The objects on display obscure temporal delineations, looking back upon the present from the perspective of a future historian, or by bringing the past into the present. These physical and digital objects, which include both the tools and products of photographers and filmmakers, seem to occupy multiple moments in time simultaneously .

Photographer Mackenzie Calle excavates and reimagines NASA’s hidden queer histories through imaginative reconstructions of astronaut Sally Ride’s professional and private desks.

Moving forward in time, the creative ethnographic films of Australian anthropologists Ceridwen Dovey and Rowena Potts cast a nostalgic eye on the 23-year-old International Space Station as it nears its final years, and explore the intangible quality and magnetic pull of ‘space-flown’ objects.

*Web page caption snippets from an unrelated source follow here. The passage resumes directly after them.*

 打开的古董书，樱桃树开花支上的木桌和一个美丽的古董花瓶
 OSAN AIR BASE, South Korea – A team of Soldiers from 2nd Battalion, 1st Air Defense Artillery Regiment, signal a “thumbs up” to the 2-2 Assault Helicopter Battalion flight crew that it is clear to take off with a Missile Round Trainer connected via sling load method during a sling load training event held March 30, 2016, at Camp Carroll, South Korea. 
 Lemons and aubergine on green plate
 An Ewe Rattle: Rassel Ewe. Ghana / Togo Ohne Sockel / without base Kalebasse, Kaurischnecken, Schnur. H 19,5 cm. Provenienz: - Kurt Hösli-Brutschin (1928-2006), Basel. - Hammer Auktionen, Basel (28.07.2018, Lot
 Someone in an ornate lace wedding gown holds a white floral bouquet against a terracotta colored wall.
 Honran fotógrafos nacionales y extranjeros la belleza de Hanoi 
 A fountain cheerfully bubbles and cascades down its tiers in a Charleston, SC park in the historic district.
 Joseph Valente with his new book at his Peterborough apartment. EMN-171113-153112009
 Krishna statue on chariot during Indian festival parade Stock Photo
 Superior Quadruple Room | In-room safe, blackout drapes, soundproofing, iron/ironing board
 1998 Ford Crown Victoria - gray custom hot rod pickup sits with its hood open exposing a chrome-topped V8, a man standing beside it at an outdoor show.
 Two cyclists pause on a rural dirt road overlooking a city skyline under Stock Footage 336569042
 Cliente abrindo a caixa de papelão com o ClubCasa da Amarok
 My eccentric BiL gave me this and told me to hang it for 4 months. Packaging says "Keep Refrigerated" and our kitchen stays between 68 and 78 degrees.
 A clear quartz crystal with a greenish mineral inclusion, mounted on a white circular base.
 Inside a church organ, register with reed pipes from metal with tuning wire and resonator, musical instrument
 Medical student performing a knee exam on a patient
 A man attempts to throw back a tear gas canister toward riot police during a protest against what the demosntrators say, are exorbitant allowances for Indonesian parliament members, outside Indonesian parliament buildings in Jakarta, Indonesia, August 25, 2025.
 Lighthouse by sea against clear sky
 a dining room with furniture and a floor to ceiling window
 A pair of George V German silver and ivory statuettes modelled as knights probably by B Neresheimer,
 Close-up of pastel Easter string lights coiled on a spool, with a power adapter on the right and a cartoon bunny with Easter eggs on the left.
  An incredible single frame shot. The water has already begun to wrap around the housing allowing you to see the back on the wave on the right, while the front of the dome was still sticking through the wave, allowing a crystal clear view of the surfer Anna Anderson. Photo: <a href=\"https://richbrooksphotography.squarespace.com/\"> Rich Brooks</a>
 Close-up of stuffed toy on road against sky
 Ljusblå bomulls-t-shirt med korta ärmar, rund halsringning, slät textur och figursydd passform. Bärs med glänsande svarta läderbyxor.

Lastly, this section includes some of the professional materials of launch photographers Julia Bergson and Cooper Hime, who each track different aspects of SpaceX’s launches from different landscapes: Bergson on Florida’s Space Coast and Hime at the Starbase Facility in Brownsville, Texas. Bergson’s private journal faithfully tracks of the movements of the SpaceX fleet over the years between Cape Canaveral and the Atlantic Ocean, where the ships collect used rocket boosters and capsules that have returned from the ISS–containing either cargo or astronauts returning home. Hime’s camera lens was smashed while recording the first orbital launch attempt of the SpaceX Starship, the largest rocket ever built. The launch, unexpectedly violent, destroyed its launch pad and sent chunks of concrete flying, one of which smashed into the camera placed 700 feet away to capture the launch.